Here’s a story for you: A young, hotshot stockbroker loses everything in one disastrous day at the market, then becomes a bicycle messenger and destroys a leading New York dope dealer.
Sound far-fetched? Absurd? Believe it or not, people get paid huge amounts of money for ideas such as this. In the case of Tom Donnelly, who wrote Quicksilver, he was even allowed to direct the danged thing (it’s his first film).
The hero (Kevin Bacon, from Diner and Footloose), who begins the film with a very bad fake mustache, drops a wad on Wall Street one day. When asked what happened to all his money, he replies, “Nothing happened to it. The money’s still there, it just belongs to somebody else now.”
Actually, he feels pretty rotten, especially because he blew his parents’ life savings, not to mention his own.
So, for some reason, Bacon scans the want ads and decides that the exciting world of bicycle message-delivering is the career for him. He takes to the streets and delivers messages through the brutal New York City traffic. See, he’s lost his nerve for the big time so he consoles himself with the heady rush of dodging cars.
While on the job, he meets some people who, I suspect, are intended to be warm and wonderful characters. Hector (Paul Rodriguez) dreams someday of owning a chain of hot dog stands. Bacon looks at him and says, “You are one optimistic Mexican,” which seems an accurate comment.
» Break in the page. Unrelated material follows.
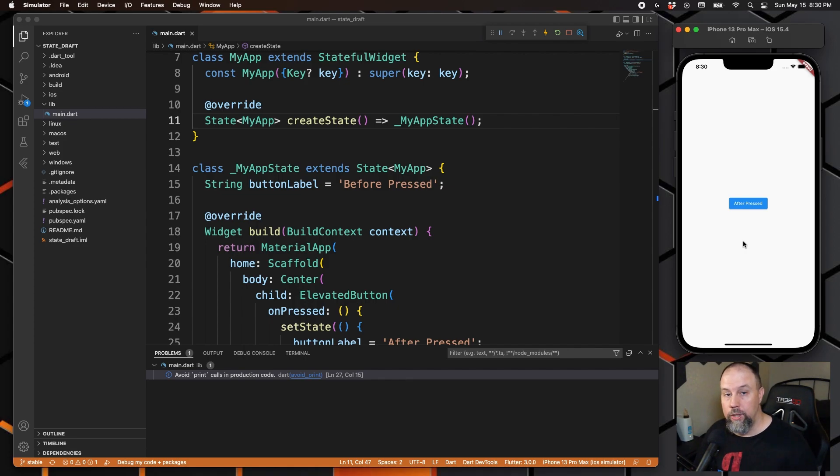So hopefully that gives you a good idea of how state works within Flutter. In the next episode we're going to go ahead and change our stateless widget to a stateful widget and finish interacting with our groceries list from our list view. I'll see you then.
Bacon also meets a cute young thing (Jami Gertz) who foolishly gets involved delivering drugs for a bad dude (Rudy Ramos) who never seems to get out of his car. She says her parents are in Vegas as the opening act for Frank Sinatra, but we sense that this is merely a brassy subterfuge to cover up her deeper feelings. It is.
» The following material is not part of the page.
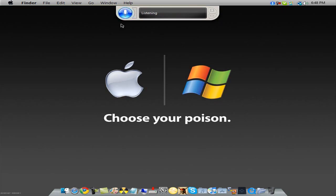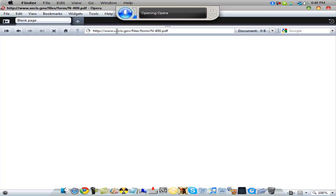Open Opera. And it'll open my Opera web browser. See how cool that is?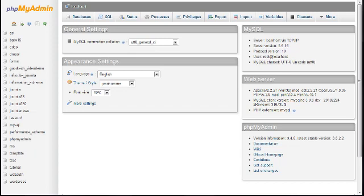If your control panel includes both the database creation function and phpMyAdmin, you should still use the database creation feature.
All of this leads to Bacon going back out on the stock market floor, kicking a little you-know-what and then cornering the dope pusher and doing the same with him.
It’s a strange film, full of loose ends and unmotivated actions, and the whole subplot of the drug dealer appears to have been grafted onto the story after the first few drafts of the screenplay, to add a little blood and guts to the goings-on.
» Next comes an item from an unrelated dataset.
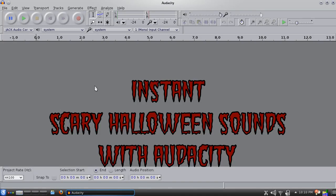Hello! Today I'm going to show you how to make some instant scary sound effects for Halloween. We're going to be using a free and open source audio recording program called Audacity.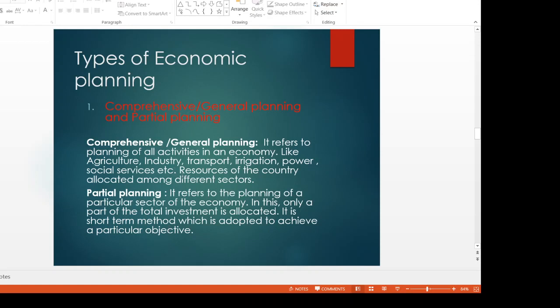In partial planning, only a part of total investment is allocated to a particular sector. It is a short-term method adopted to achieve a particular objective. The advantage is we can make more specific plans for a particular sector, though it ignores the concept of comprehensive growth of all sectors of the economy.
There are, of course, a few sequences that are available to be lifted intact for music videos, including the obligatory Giorgio Moroder (he scored Flashdance) tune, this time sung by Roger Daltrey, who really should know better.
As for Bacon—well, he’s still a likable sort, but he should choose projects that are more like movies than mere star vehicles. This particular vehicle is as light as his high-speed bike.
First published in the Herald, February 15, 1986
A quintessential Eighties title, not nearly as much fun to sit through as it sounds like it might be. Once again I fail to mention Larry Fishburne in the case, although this has more to do with the movie than the actor. The Moroder song has a de rigueur quality to it, as Hollywood admitted that MTV was in charge. Bacon, of course, has made his career in not being a likable sort, so I don’t know why I said that.